Google Lighthouse (in Chrome DevTools, Lighthouse tab, Accessibility): scores your page 0-100 with specific failure documentation.
axe DevTools browser extension: flags WCAG violations with direct links to the relevant guideline.
These tools will not catch every issue. Manual testing with screen readers like NVDA or VoiceOver is required for full audits. But they will give you an honest starting picture of where your site stands before you engage an agency.
If all three return significant errors, your redesign needs to treat accessibility as a first-order requirement, not a post-launch checklist item.
Frequently Asked Questions
Are economic development organizations required to comply with ADA?

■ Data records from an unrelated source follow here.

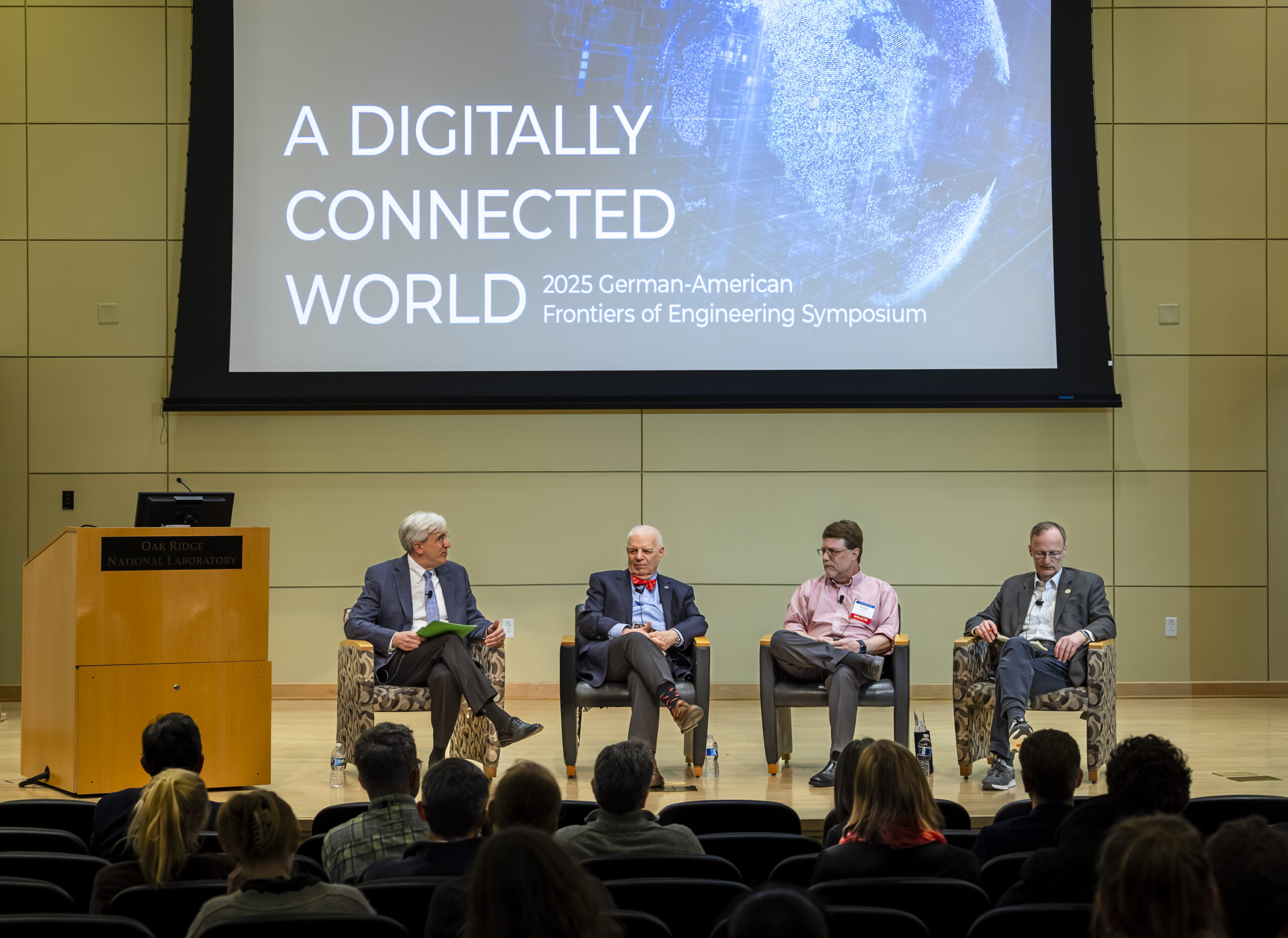 David Keim, far left, chief communications officer for ORNL, moderates a fireside chat with, left to right, Al Romig, NAE member and executive officer; Stephen Streiffer, ORNL laboratory director; and Walter Denk, with the Alexander von Humboldt Foundation; as part of the German-American Frontiers of Engineering Symposium.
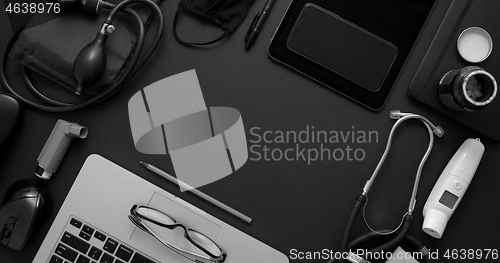 Image of Doctor desktop concept. Various medical tools and accessories placed on black background table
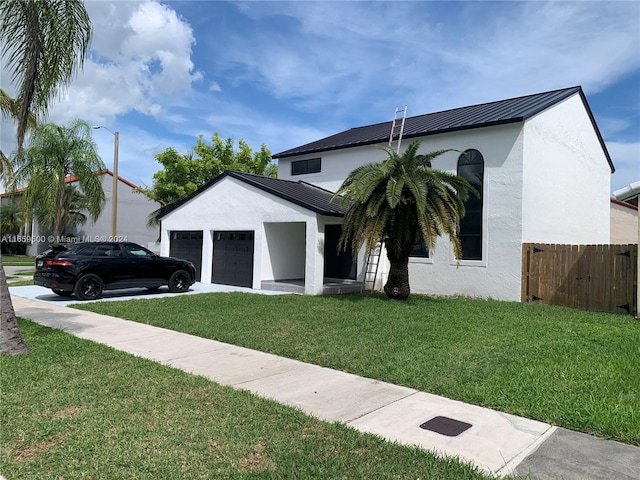 view of front of home with a garage and a front yard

It depends on your organizational structure and funding relationships. Government-organized EDOs and entities receiving federal funding face the clearest legal requirements under Title II ADA and Section 504 respectively. Chambers and private nonprofits have more ambiguous Title II exposure but may face Title III or Section 504 obligations. The practical answer for most EDOs: build to WCAG 2.1 AA regardless, and document your conformance.
What is WCAG 2.1 AA and does my chamber website need it?
WCAG 2.1 AA is the Web Content Accessibility Guidelines standard at Level AA conformance, the internationally recognized benchmark for web accessibility compliance. It covers color contrast, keyboard navigation, alt text, captions, form labeling, and other accessibility fundamentals. Whether your chamber is legally required to meet it depends on your jurisdiction and funding relationships, but it is the standard any public-facing organization should aspire to.
How do I test my website for accessibility compliance?
Start with WAVE (wave.webaim.org) and Google Lighthouse for automated scanning. These tools catch roughly 30-40% of WCAG issues automatically. Full compliance assessment requires manual testing, including keyboard-only navigation testing and screen reader testing using tools like NVDA (Windows) or VoiceOver (Mac/iOS). Agencies offering accessibility audits will typically combine automated scanning with manual testing and produce a prioritized remediation report.